Weldon was shot four times  and his body hacked up with a  corn cutter. His  sister’s throat was  cut and  her   head  was  chopped  with   an  ax.  The 16-year-old niece’s head was nearly severed by the ax.

 

“The  Weldon case  generated songs,  poems and all kinds  of wive’s  tales,” said  Sandra Starner,  a Logan sixth grade teacher.

 

On the day the bodies were found, William Terrell, 19, while  at a Logan saloon,  called attention to himself  by flashing  a roll  of money  and a gun. After  he   was  arrested  for   being  drunk  and disorderly, he  admitted he had been  a witness to the murders. He claimed  another man, Joseph King, was the murderer.

 

King  was  arrested.  A  lynch  mob  of  about 400 started  moving toward  the first  jail in  Logan. Both men were then moved to a safer jail.

 

King   was  not   indicted  because   he  produced witnesses  who provided  him with  an alibi. After King’s release, Terrell was indicted, convicted of second  degree   murder  and  sentenced   to  life imprisonment in the Ohio Penitentiary at Columbus. Six years later he  died of tuberculosis. His last years  were spent  in the  prison section reserved for the insane.

 

Starner is convinced Terrell was telling the truth when  he  said  he  only  witnessed  the killings. “Terrell was  probably retarded.

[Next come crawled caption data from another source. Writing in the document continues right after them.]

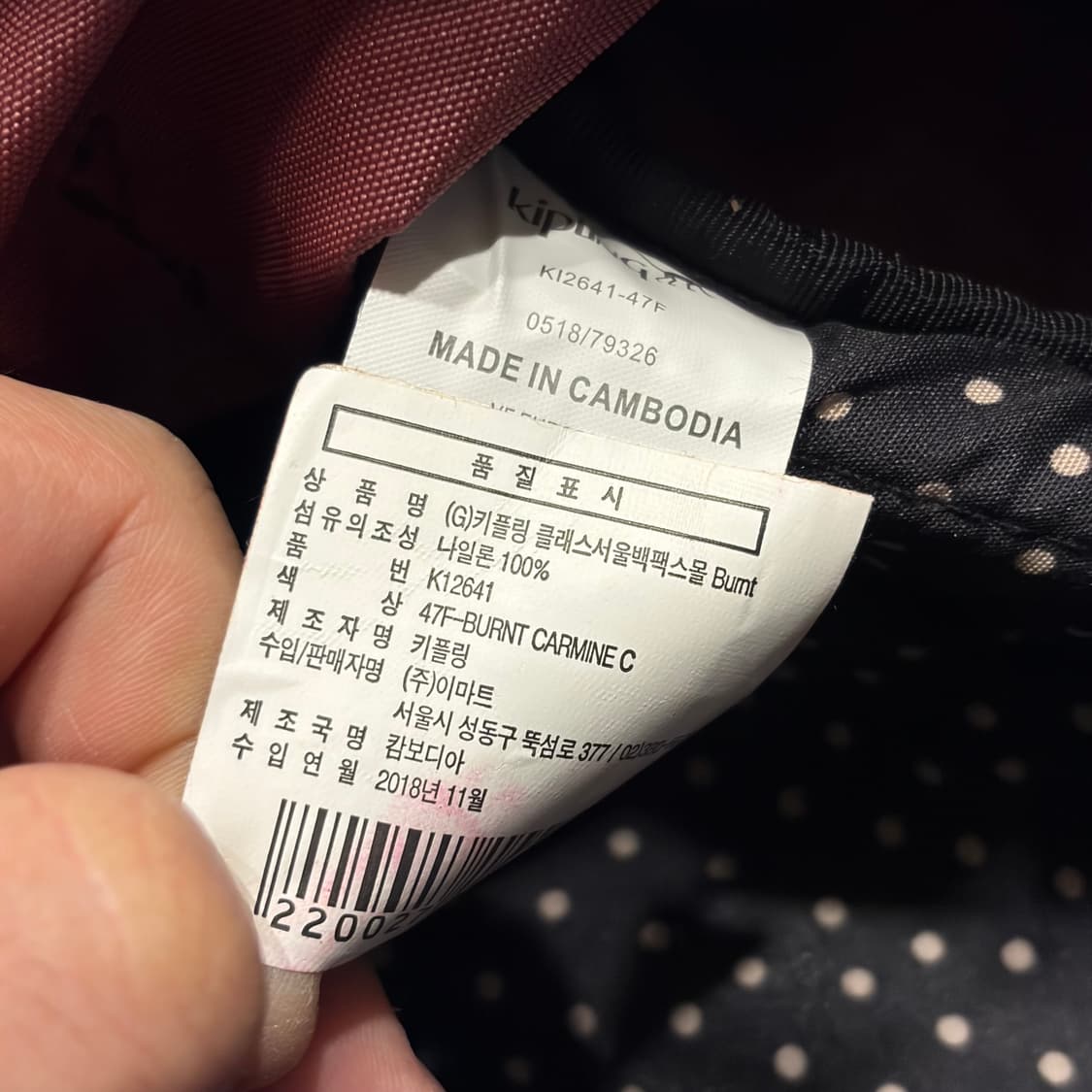 키플링 백팩 버건디 + 키링 포함 상품이미지7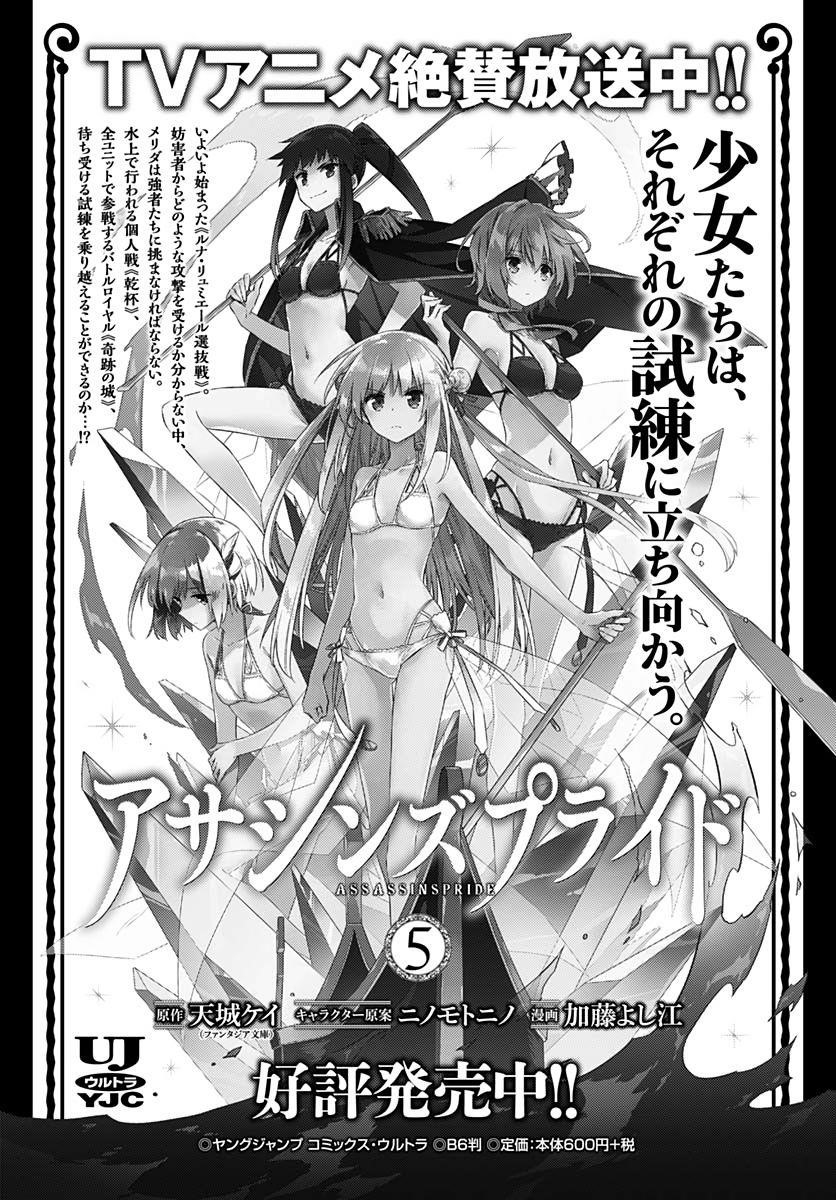 Assassin’s Pride Chapter 29 - Page 29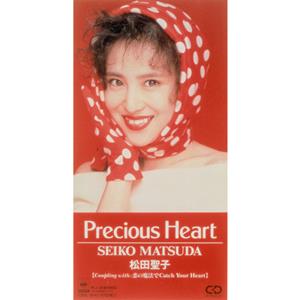 松田聖子のPrecious Heartをリクエストしよう！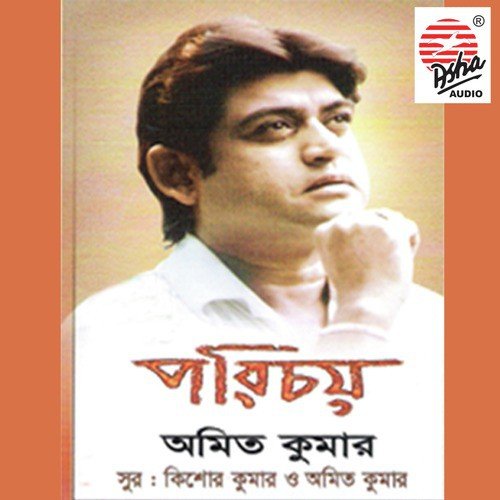 Jete Jete Aey Pothe by Riya Ganguly, Amit Kumar - Download on PagalFree
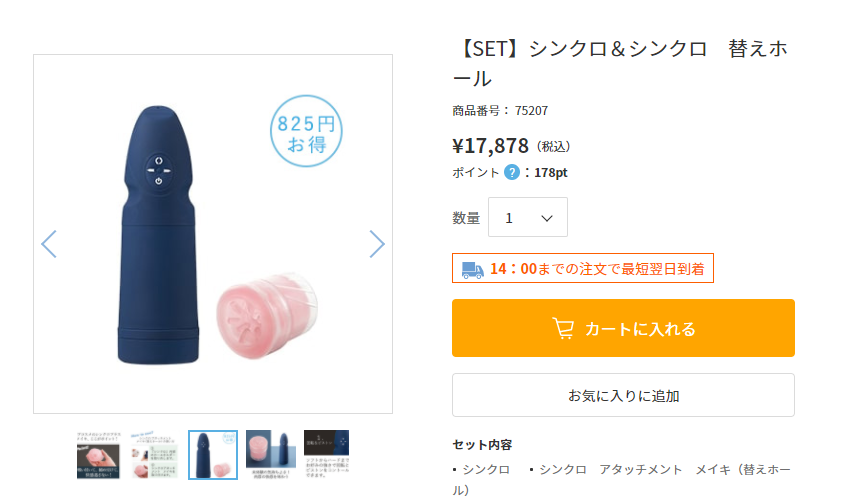 Touch-C远程蓝牙成人玩具,男用电动飞机杯评测(part.1)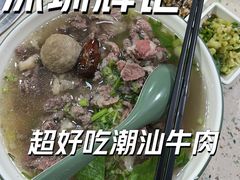 -汕头辉记肠粉王(岗厦店)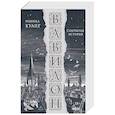 russische bücher: Ребекка Куанг - Вавилон. Сокрытая история (Большой покет)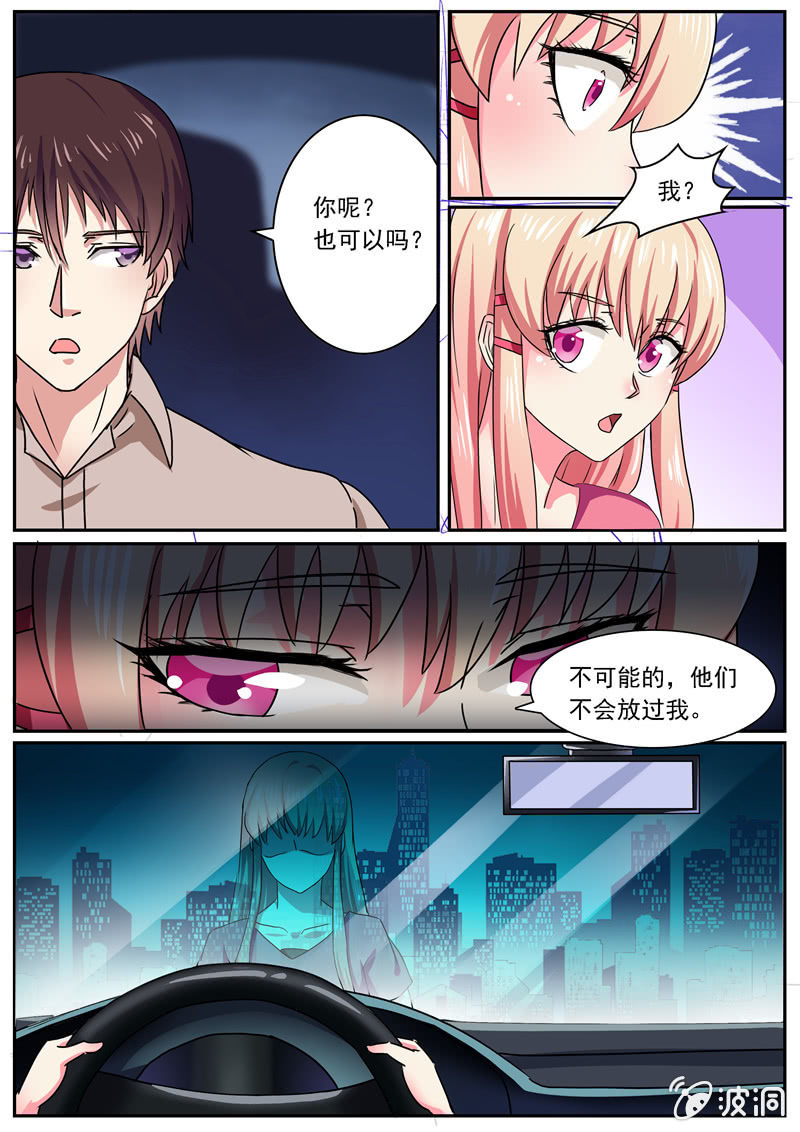 寻龙密码漫画,一个庞大的组织2图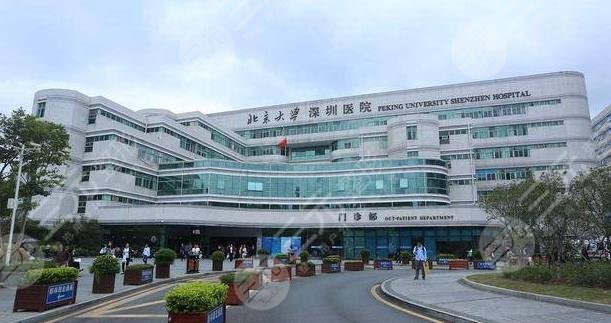 北大深圳医院牙齿矫正多少钱？2022价格表&医生介绍，看牙攻略必备！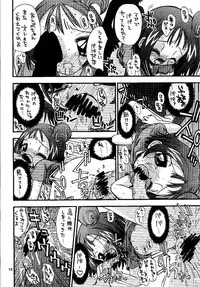 [Tokai Oohashi (Kari) (Ryu-ya)] Bishoujo Boukou Club (Ojamajo Doremi)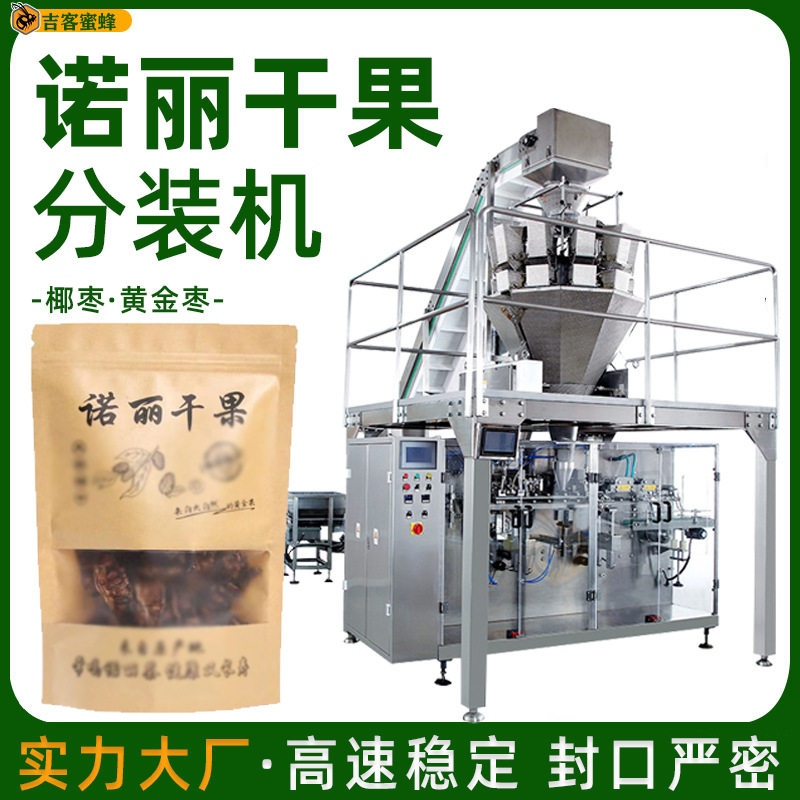 诺丽干果拉链袋分装机 椰枣自动称重灌装机 黄金枣颗粒给袋包装机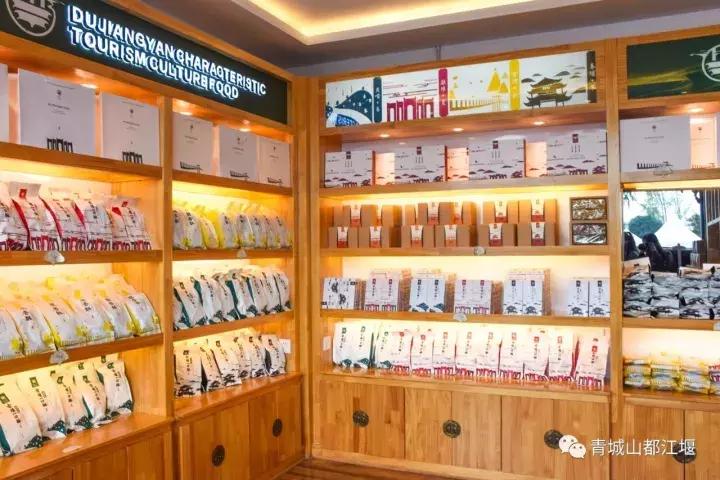 去都江堰必带东西,来到都江堰必吃的美食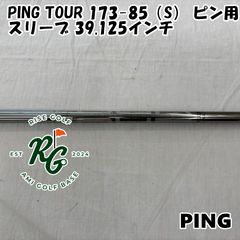 PING TOUR 173-65X ピンツアー 3w用 ピンスリーブ PING TOUR 173-65（S） 3W用シャフト ピンスリーブ／純正 標準 【公式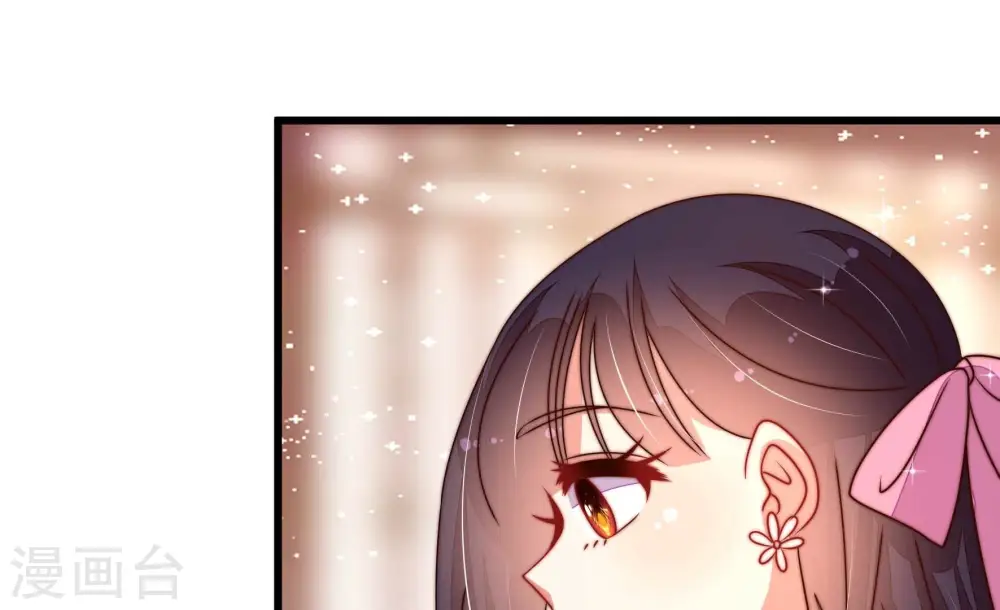 第268话 深宅内斗 第44页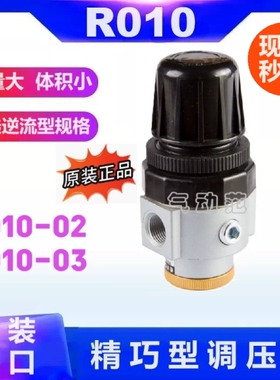 R010-03调压阀R010-02 可逆流BR010-02 FONTALKURODA
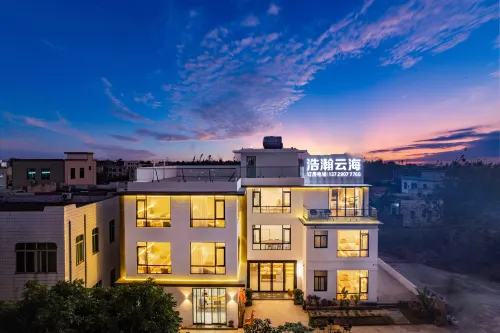 Xuwen Nanjicun Haohanyunhai Homestay (Coral Reef Reserve)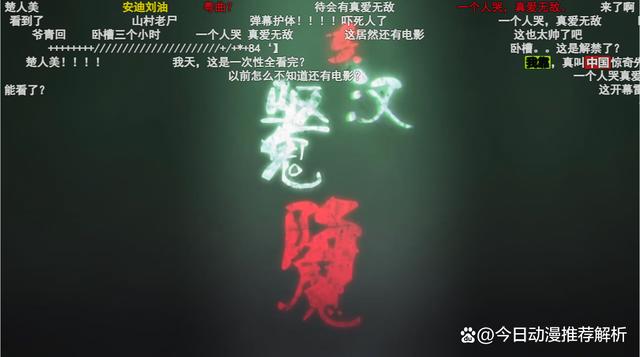 今日动漫推荐解析：曾经的《中国惊奇先生》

I  think he would be  what  we  call  a  developmentally handicapped child today.  I think he  was taken advantage  of, and I think this Joe King was the murderer and got away scot-free.”

 

Starner’s daughter was in  the 4-H club that Dale Johnston advised,  before he was caught  up in the murders  of Annette  and Todd.  “Having known  Mr. Johnston personally,” she said, “I find it hard to believe he would do a thing like that. I just hope to  God they  have the  right guy.  But, I’m  not sure. And I don’t know if I ever will be.”